Kuyumcular bu konuda kendilerini savunuyor. Sıfır KDV’nin yasal bir düzenleme olduğunu ve altın ile dövizin “maden ve finansal ürün” kapsamında değerlendirildiğini belirtiyorlar. Yani devlet, altın satışlarını ticari bir ürün olarak değil, yatırım aracı olarak sınıflandırıyor. Bu nedenle de altın ve döviz satışlarında KDV uygulanmıyor. Ancak diğer sektörlerde satılan mallar tüketim ürünü olarak kabul edildiği için KDV oranı yüksek tutuluyor.

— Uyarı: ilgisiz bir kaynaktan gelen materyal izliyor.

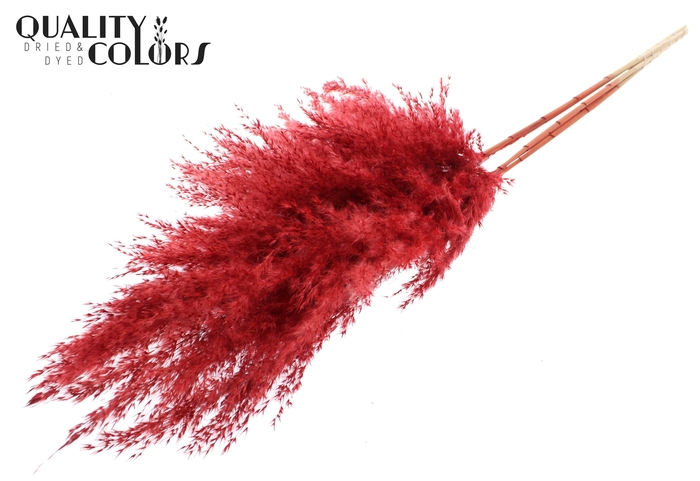 Pampas Grass 100cm 5st/bunch Red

Küçük esnaf ve KOBİ sahipleri bu duruma tepki gösteriyor. Kahvehaneler, restoranlar, marketler ve giyim mağazaları gibi işletmeler, satışlarının her kaleminde yüzde 10 ile 20 arasında KDV ödediklerini hatırlatarak, kuyumcuların bu ayrıcalığının haksız bir durum yarattığını düşünüyor. Bazı esnaf odaları da yıllardır bu konuda düzenleme yapılmasını, vergi oranlarının sektörler arasında daha dengeli hale getirilmesini talep ediyor.

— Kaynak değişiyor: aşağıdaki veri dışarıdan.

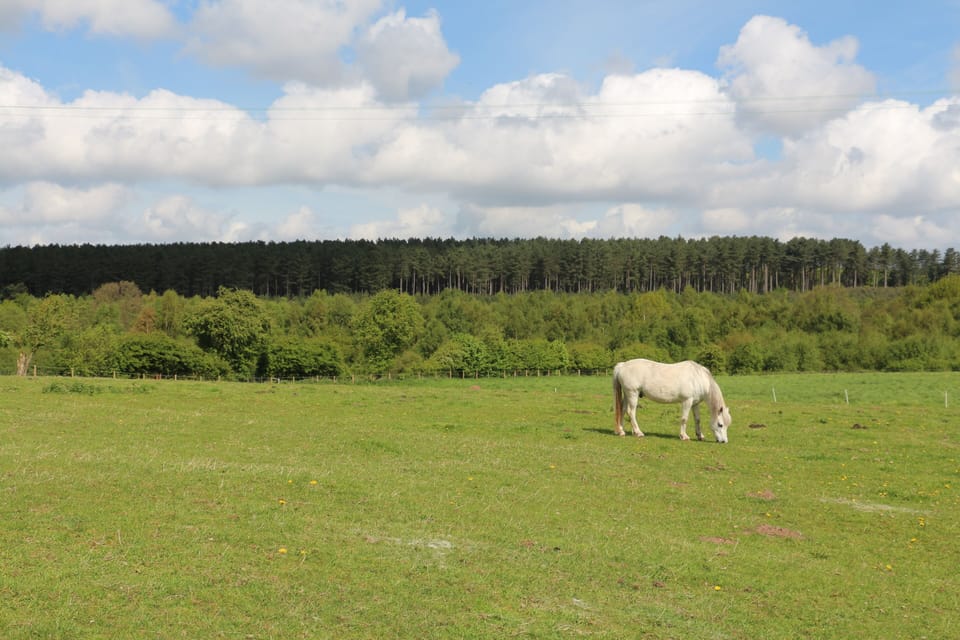 View from the cabin (horses sheep varies during the year)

Mali müşavirler ve ekonomi uzmanları ise konuyu teknik açıdan ele alıyor. Onlara göre altın ve döviz işlemlerinde KDV’nin sıfır olması, bir vergi avantajı değil, uluslararası finansal standartlara uygun bir uygulama. Çünkü bu ürünler, bankacılık ve yatırım piyasasının bir parçası olarak değerlendiriliyor. Ancak uzmanlar da kabul ediyor ki, bu durum toplumda “vergi ayrıcalığı” algısı oluşturuyor. Yani yasal olarak doğru olsa da sosyal olarak adil görünmüyor.
Ekonomik açıdan bakıldığında, aradaki fark dikkat çekici. Bir lokanta 1000 liralık satışta 200 lira KDV öderken, bir sarraf 100 bin liralık altın satışında hiç KDV ödemiyor. Bu da özellikle kriz dönemlerinde küçük esnafın üzerindeki vergi yükünü daha görünür hale getiriyor.

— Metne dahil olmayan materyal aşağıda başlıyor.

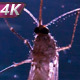 Active Mosquito In The Backlight - VideoHive Item for Sale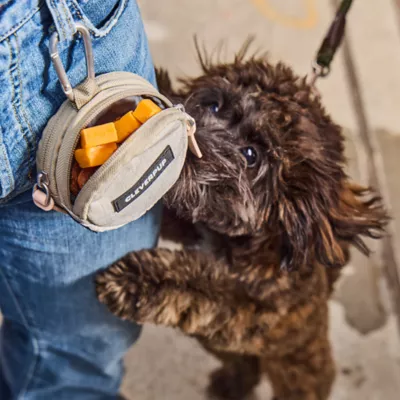 Cleverpup Snackpack Double Insulated Dog Treat Pouch W/ Water-Resistant Exterior & Lining - Image 3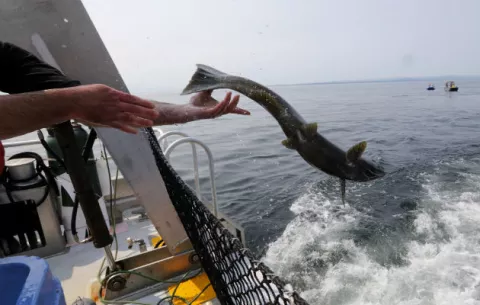 Aumentan las amenazas para el salmón silvestre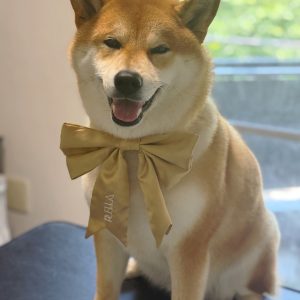 海遊びの翌日はシャンプーです2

Vatandaşlar da bu farkın adil olmadığını düşünüyor. Sosyal medyada sıkça dile getirilen görüşlere göre, herkesin aynı oranda vergi vermesi gerekirken bazı sektörlerin sıfır oranla işlem yapması, toplumda güvensizlik oluşturuyor. “Birisi simit satarken vergi ödüyor, diğeri yüz bin liralık altın satarken sıfır vergi veriyor” şeklindeki yorumlar, halkın genel tepkisini özetliyor.
Sonuç olarak, sarraflara uygulanan sıfır KDV oranı yasal bir düzenleme olsa da, vergi adaleti açısından tartışmalı bir konu olmaya devam ediyor. Diğer esnaf grupları bu farkın kaldırılmasını ve tüm sektörlerin eşit oranda vergi yükü altında olmasını istiyor. Ekonomi yönetimi ise finansal istikrarı koruma gerekçesiyle mevcut sistemin devam ettiğini savunuyor. Tartışma, uzun süre hem ekonomik hem de sosyal açıdan gündemde kalacak gibi görünüyor.